I am sorry to hear you have been through a difficult time recently, and your employer’s comments have certainly not been as compassionate or supportive as I would expect.
It appears you may have a personal injury claim against the organisation on the basis that your breakdown may have been caused by the excessive amount of work that you were required to do by your employer. However, there are many other factors to consider and this is not my field of expertise, so I would suggest that you consider speaking to a solicitor who deals with such matters.
In respect of employment law, if you do not wish to return to work you may have claims for constructive dismissal and/or disability discrimination.
Constructive dismissal occurs when the employer has fundamentally breached the employment contract and the trust and confidence between you and them, and you resign in response. The breach can occur either as one significant action or omission taken by the employer, or by a series of acts followed by a “final straw” act. In summary, constructive dismissal is where your employer has behaved so unreasonably towards you that you could not be expected to put up with it.
You have given many examples of unreasonable conduct on the part of your employer, which would certainly support a constructive dismissal claim. These include the company’s requirement that you perform a significant and excessive workload without adequate support, eliminating your role whilst you were on sick leave, failing to consult with you, failing to give you the chance to do the remaining job and instead giving it to your colleague, and offering you an unsuitable role. In order to bring a claim of constructive dismissal you would first need to resign.
It also appears that your employer’s actions since you went off on sickness absence have been connected to your ill health. Under the Equality Act 2010, cancer is a disability for legal purposes which gives you certain protections under employment law including the right not to be treated less favourably because of your disability or for something which arises out of it (e.g. sickness absence). If, as it appears, the only reason your duties were taken on by your colleague, and your role removed and you were not given the chance to do the job is because you were absent due to the disability, then this may give rise to a claim of disability discrimination
I understand you are considering your options about how to proceed. One option is to resign and claim constructive dismissal and disability discrimination. However, before doing so, I suggest you take more detailed advice from a solicitor where all the facts and circumstances can be looked at further, and you will be better placed to take a fully informed decision.
If you would rather not resign at this point, as an alternative, you could raise a formal grievance regarding potential constructive dismissal and disability discrimination.
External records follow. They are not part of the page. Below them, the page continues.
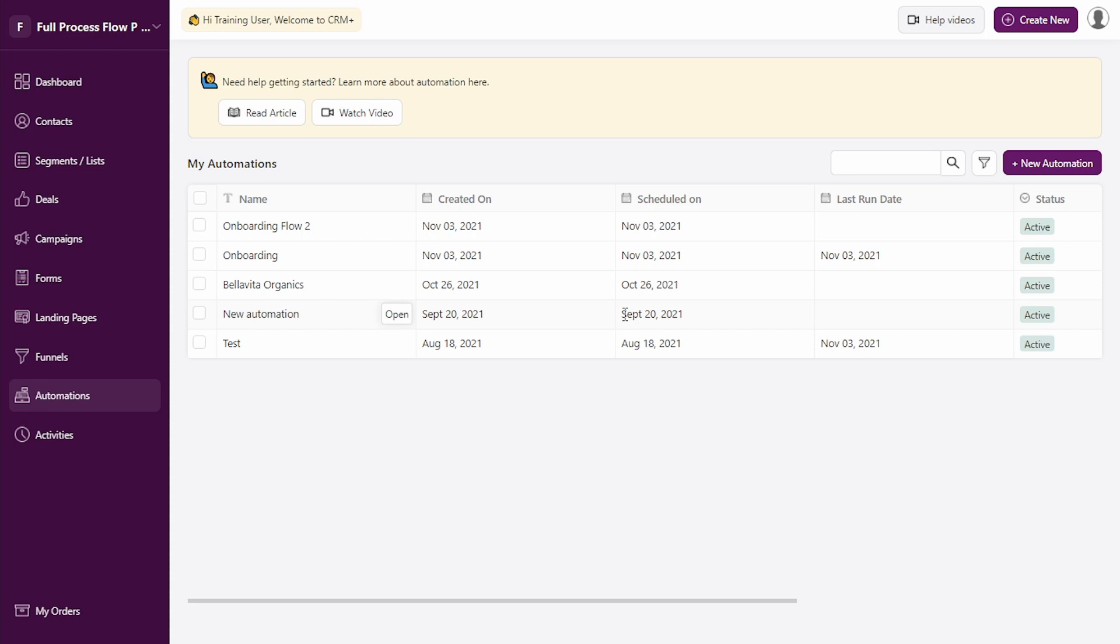We can see all the automations that were created. As soon as any new contact gets added, an email trigger will be sent immediately. After a gap of one day, the second email will be sent. This way you can create multiple automations using Deskera CRM.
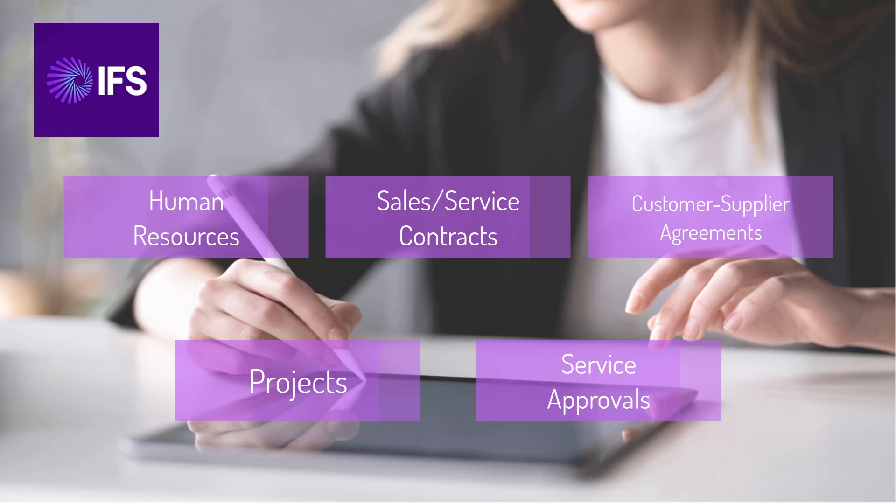Contracts get signed, projects get approved, and employees get engaged faster than ever.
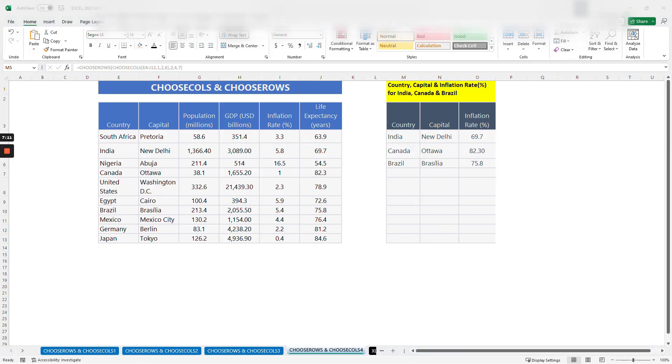There you have it — that is a tutorial for CHOOSEROWS and CHOOSECOLS. Thanks for watching, and be sure to subscribe for more tutorials like this.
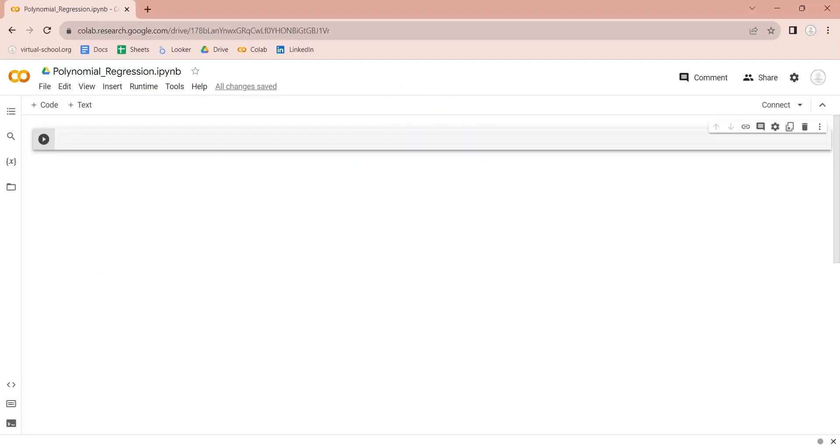First, we will import the polynomial features library from sklearn, which will be used to create the polynomial regression.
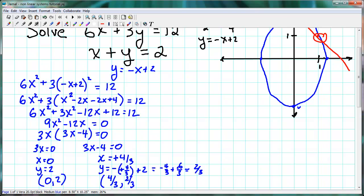That point properly would be about here on the graph, which looks right. Those two points are our solution. This is how you solve a nonlinear system of equations using the substitution technique, which works particularly well when one of our equations is a linear function. I hope this helps!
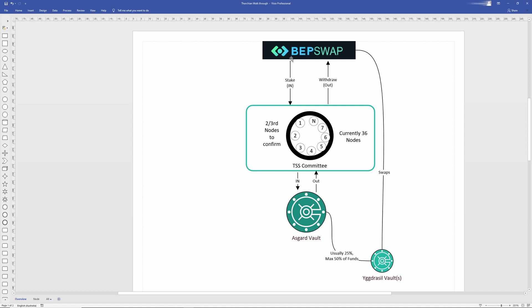When you stake money in BEPSWAP, it goes through a TSS signing process. TSS meaning threshold signature scheme. In short, TSS is like a committee meeting where each node is like a member of the committee and when a transaction is seen...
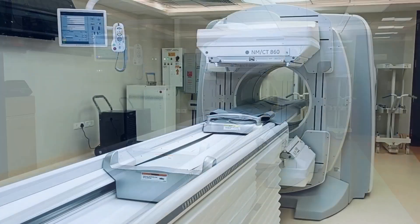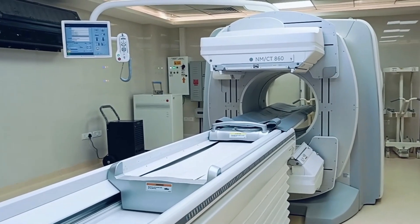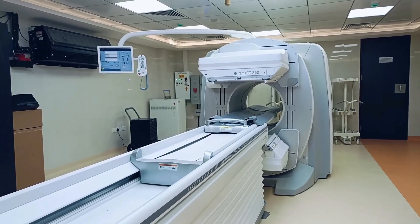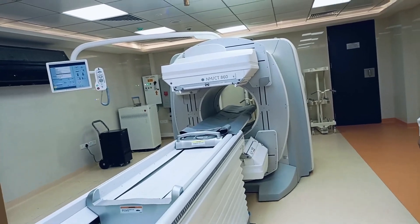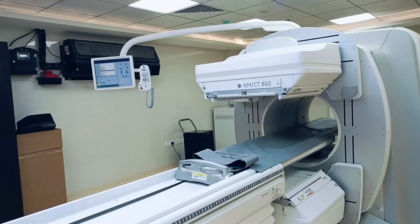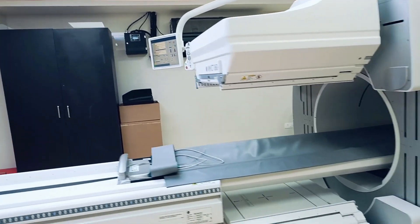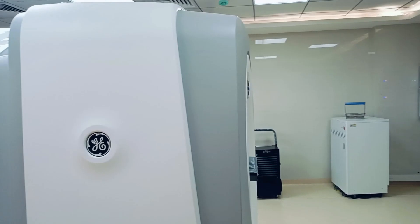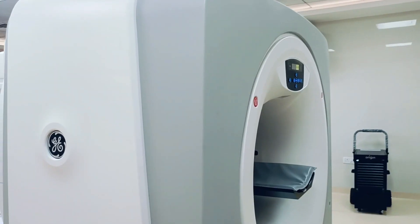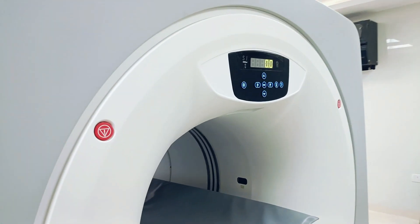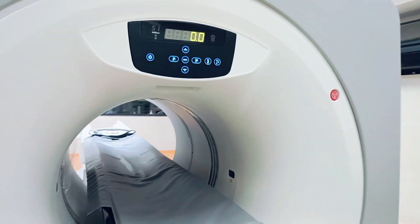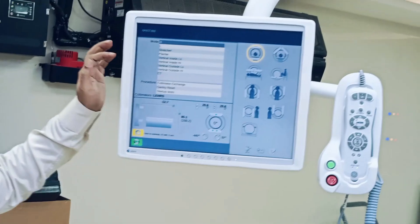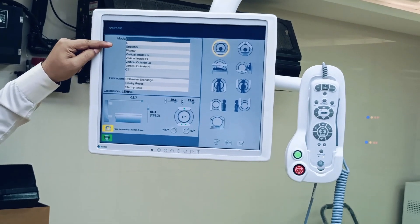This is the NMCT 860 machine. It has a SPECT system with dual head and 16-slice CT. Today I am going to show you the different detector modes available with this system. On this interactive screen, you can see different gantry modes available.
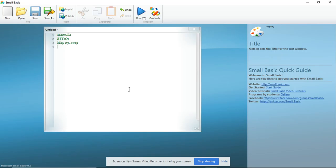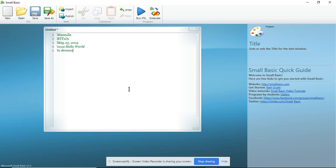Next, I am going to give the name of the program. So this is 001A and it's called Hello World. And finally, I'm going to give a brief explanation of what the program is meant to do. So in this case, it is to demonstrate the two different types of text output.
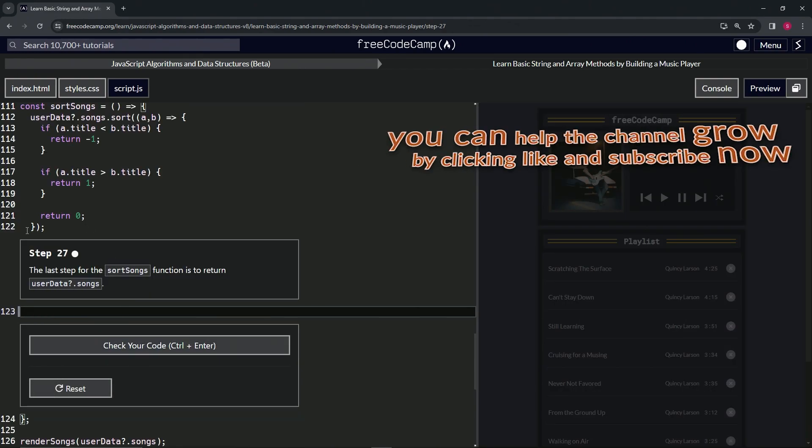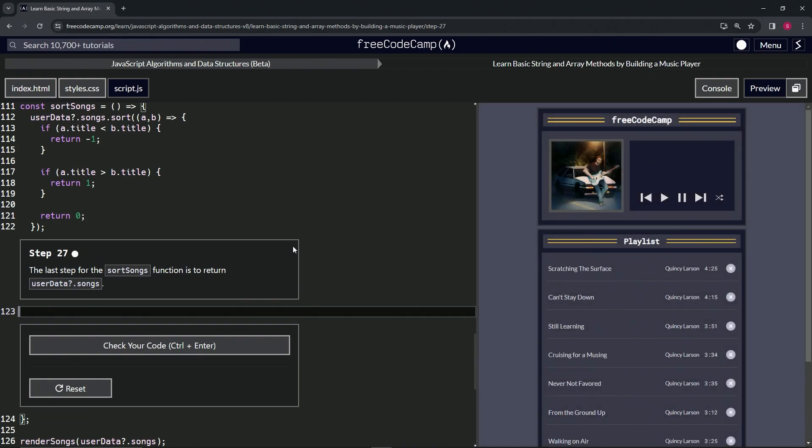All right. Now we're on to step 27 and we'll see you next time.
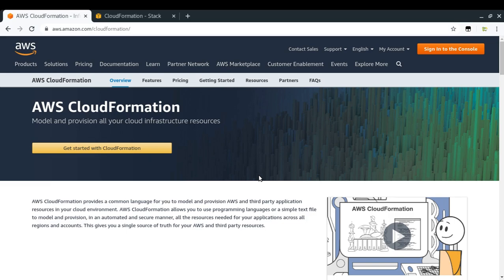AWS CloudFormation will let us model and provision all our cloud infrastructure resources. Let's talk about modeling first. By modeling I mean to say that I'll be providing all the information about what resources I want to create on my AWS account to AWS CloudFormation. In order to tell CloudFormation that, we need to have a particular language through which I can communicate with it.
Your grievance could also include your belief that your role has been made redundant, that the company has failed to follow a fair and lawful redundancy process, has unfairly selected you and not given you the chance to be considered for the remaining role and not offered you a redundancy payment.
You could use the grievance process as an opportunity to negotiate an amicable exit package, via a settlement agreement, with the company which could include compensation for discrimination and loss of your employment.